# Huge white bass



## BrookTroutKid (Oct 10, 2007)

Well I hit a new place today and caught this 2lb white bass!!!!!








I also caught my first walleye!








We also caught perch, largemouth and carp!
Ended the day with six very large white bass!


----------



## Clarq (Jul 21, 2011)

Wow. Congrats on the huge whities. That's cool.


----------



## brookieguy1 (Oct 14, 2008)

Wow those whities are tanks! Nice work. Central Utah?


----------



## BrookTroutKid (Oct 10, 2007)

brookieguy1 said:


> Wow those whities are tanks! Nice work. Central Utah?


yup


----------



## LOAH (Sep 29, 2007)

Nice work! I'd be pretty excited about those whites. I'd like to hit that lake sometime, if it's the one I'm thinking it is.
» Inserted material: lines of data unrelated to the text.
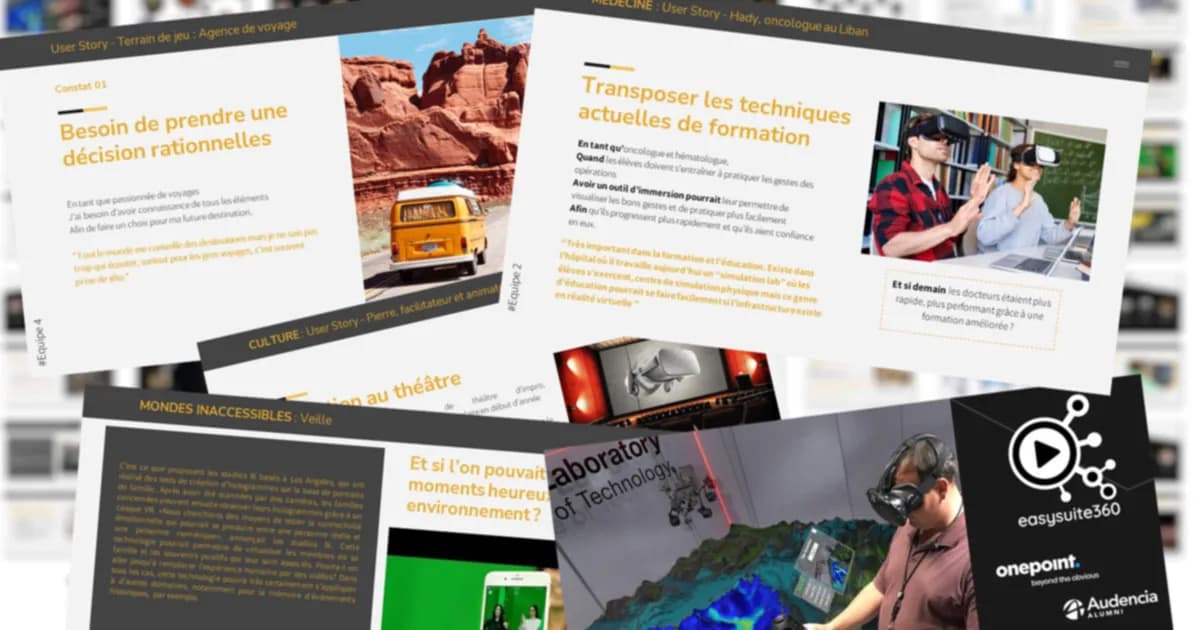 135 exemples d'usages VR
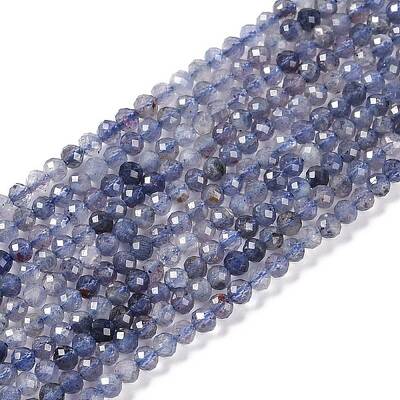 Natural Iolite Beads Strands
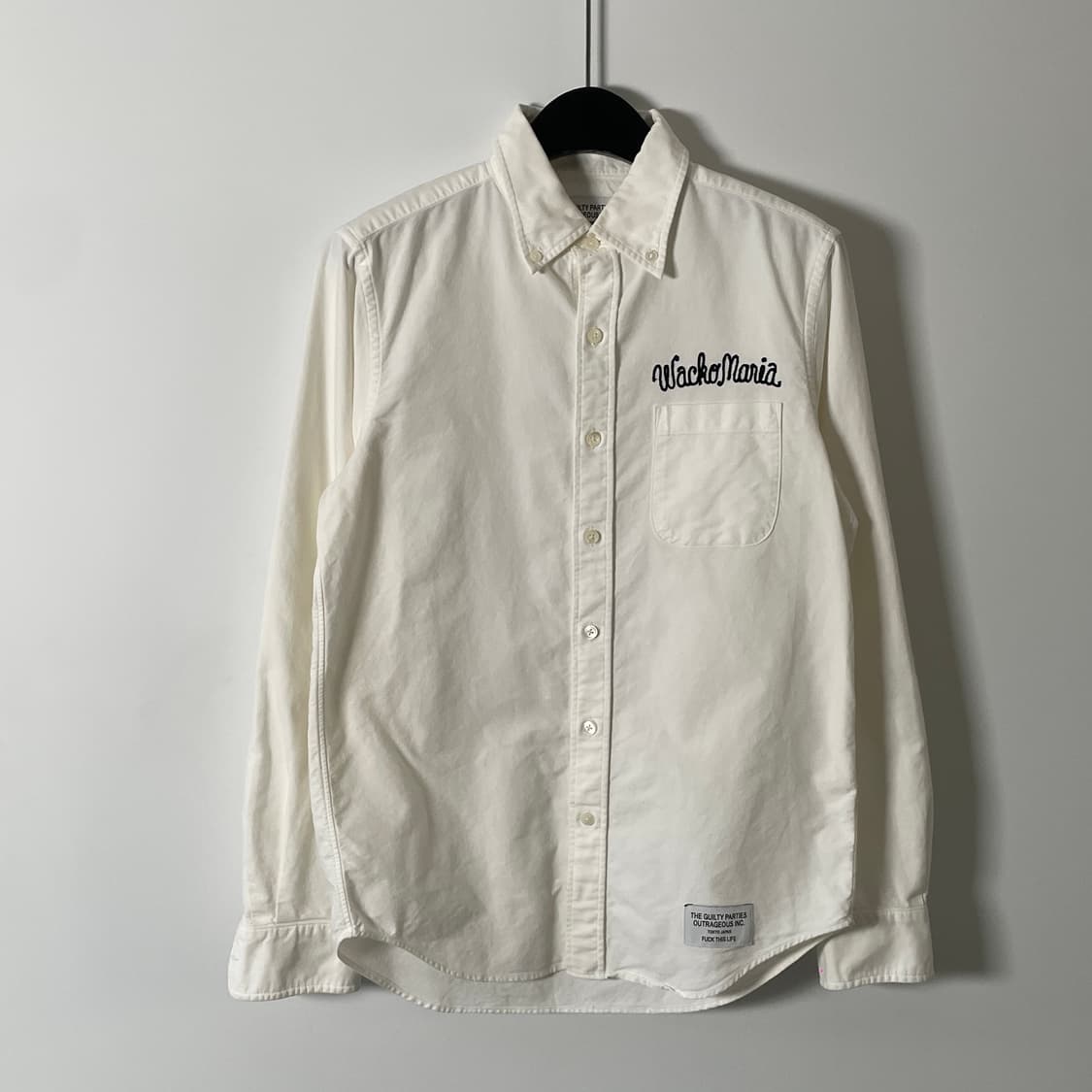14AW 와코마리아 그래픽 옥스포드 셔츠 (on.621)   상품이미지3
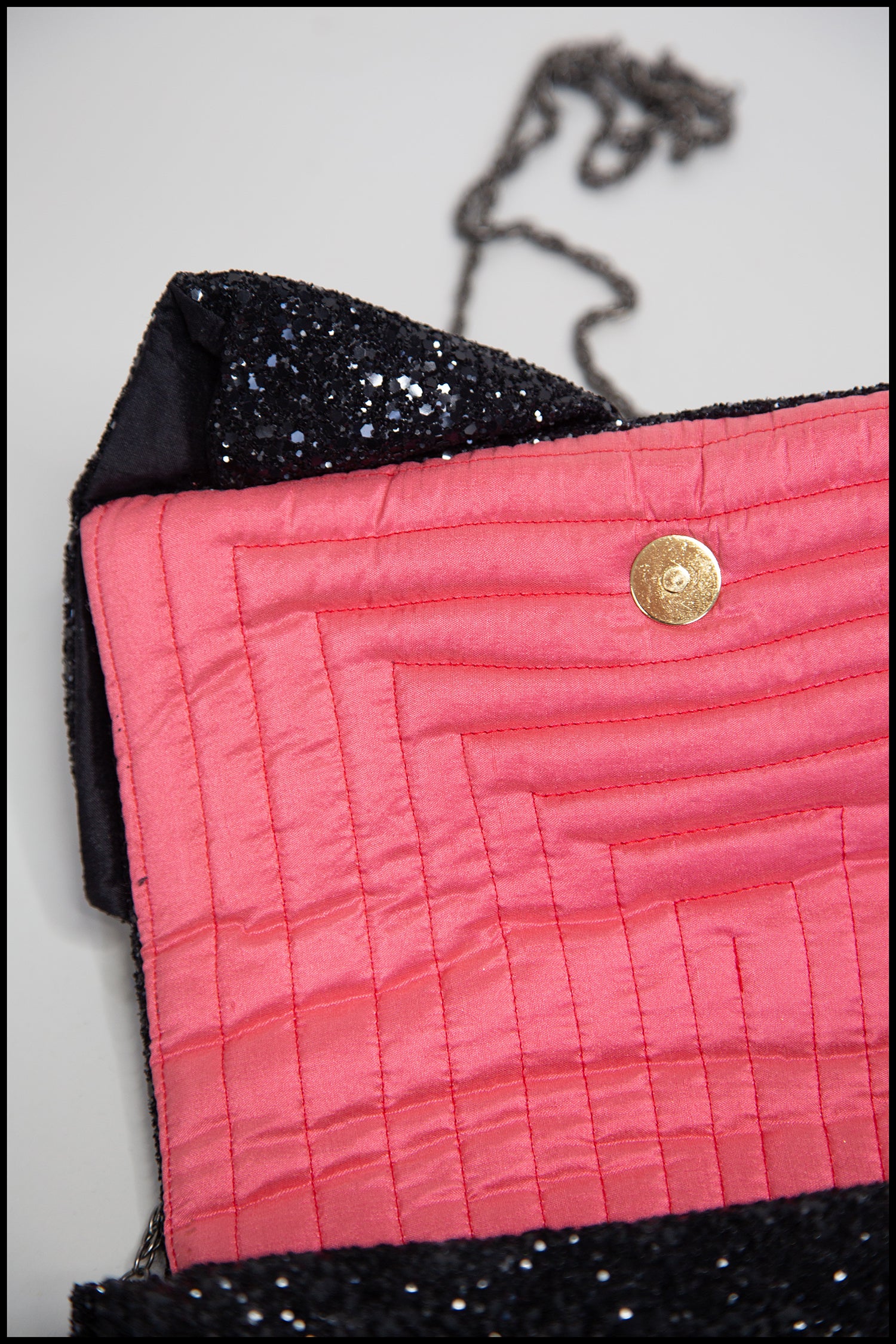 Crawford - Black Glitter Clutch Bag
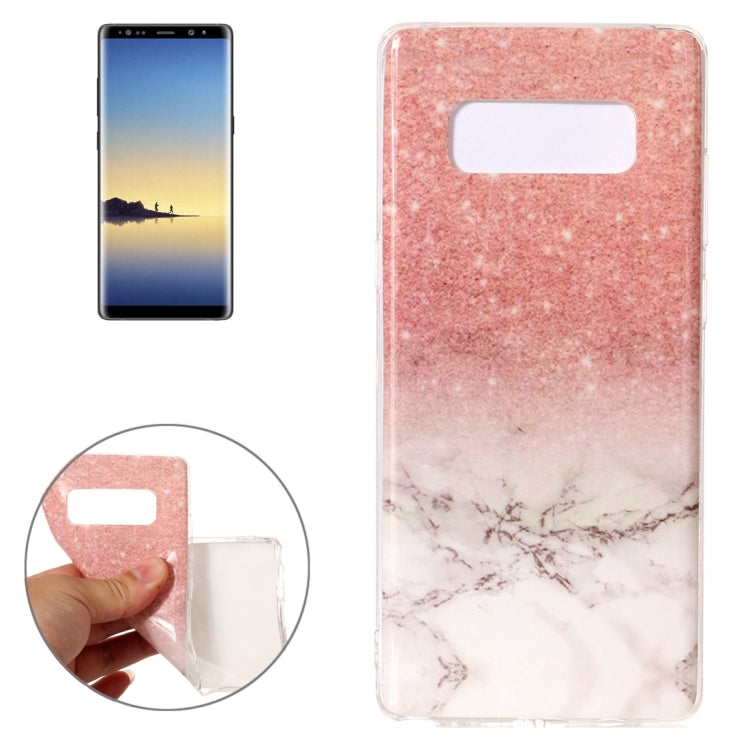 For Galaxy Note 8 Marble Pattern TPU Shockproof Protective Back Cover Case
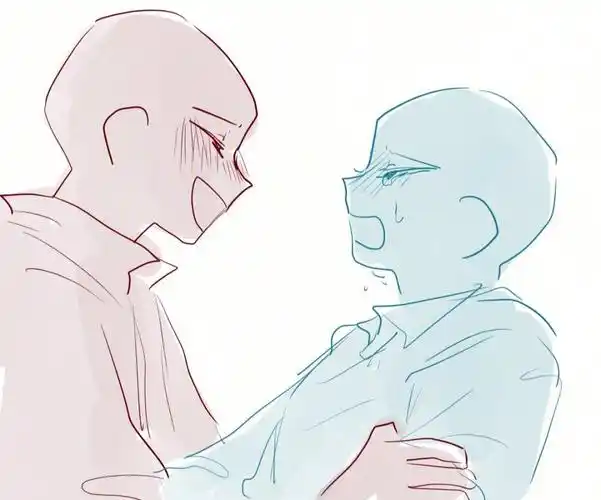 【素材】双人亲密互动姿势参考,要亲亲抱抱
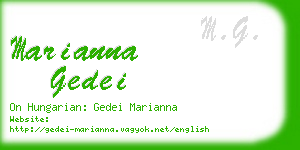 marianna gedei business card
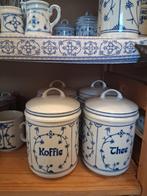 servies blauw saks jager. voorraadpotten, kruidenpotten,, Huis en Inrichting, Keuken | Servies, Ophalen of Verzenden, Zo goed als nieuw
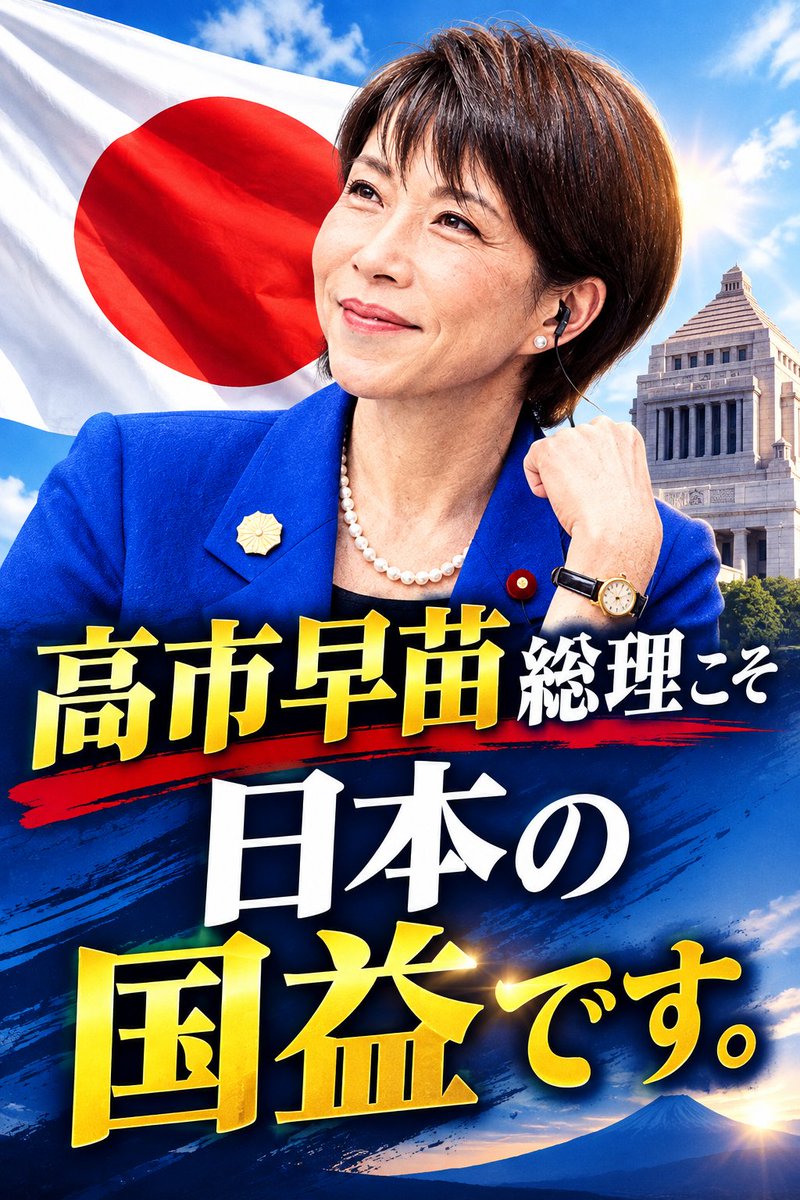 tetsuya_00x's tweet photo. ネットでくだらない人間が高市総理を根拠もなく盛んにこき下ろしていますが、まともな国民はそれに騙されないようにしましょう。

高市総理は日本の国益を守る為に日夜、粉骨砕身で頑張ってくださっています。

皆でこれからもしっかりと応援してまいりましょう❗ https://t.co/injZn5Hh7t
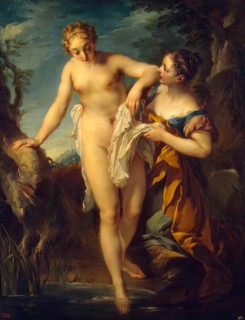 Woman Bathing, 1724. Creator: Francois Lemoyne.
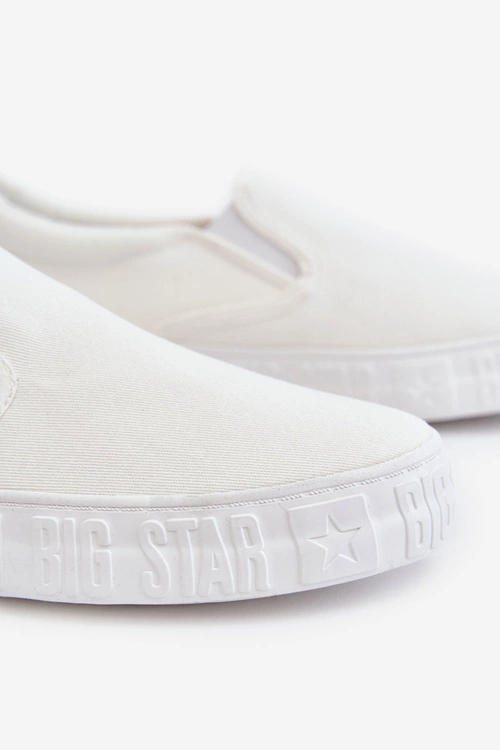Damskie Tenisówki Slip-On Big Star LL274389 Białe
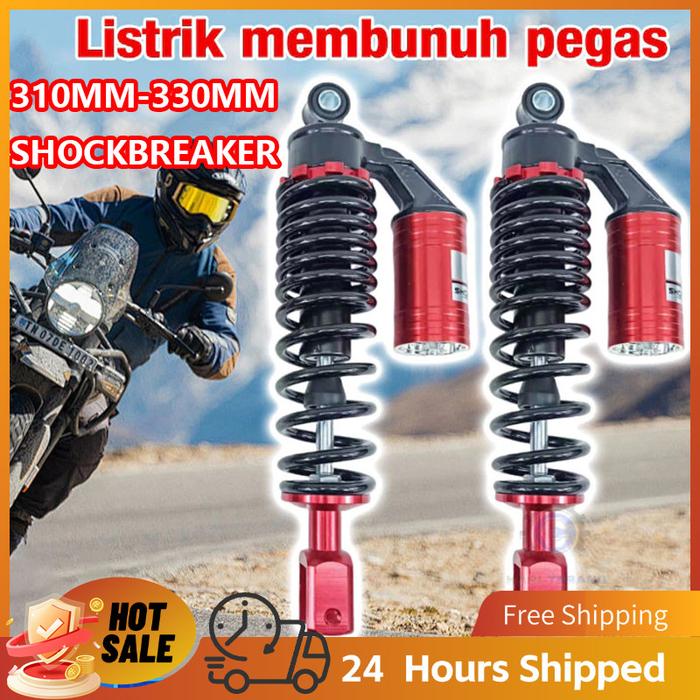2pcs Shockbreaker Shock Belakang Tabung Atas Ukuran 310 330 Free Anting Copy Yss Gplus Universal Var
Nice work! Looks like you found yourself a new puddle.


----------



## tye dye twins (Mar 8, 2011)

Whoa! Now that is more bass than white!


----------



## coues52 (Nov 11, 2007)

1+


----------



## Wobblehd (Jul 14, 2011)

Wow, very nice fish BTK. If I only saw the picture, I would think you were hitting Newcastle. Nope, not a wiper. Someday, somehow, we need to fish together.


----------



## wingnutt (Jul 15, 2011)

That's a nice haul there


----------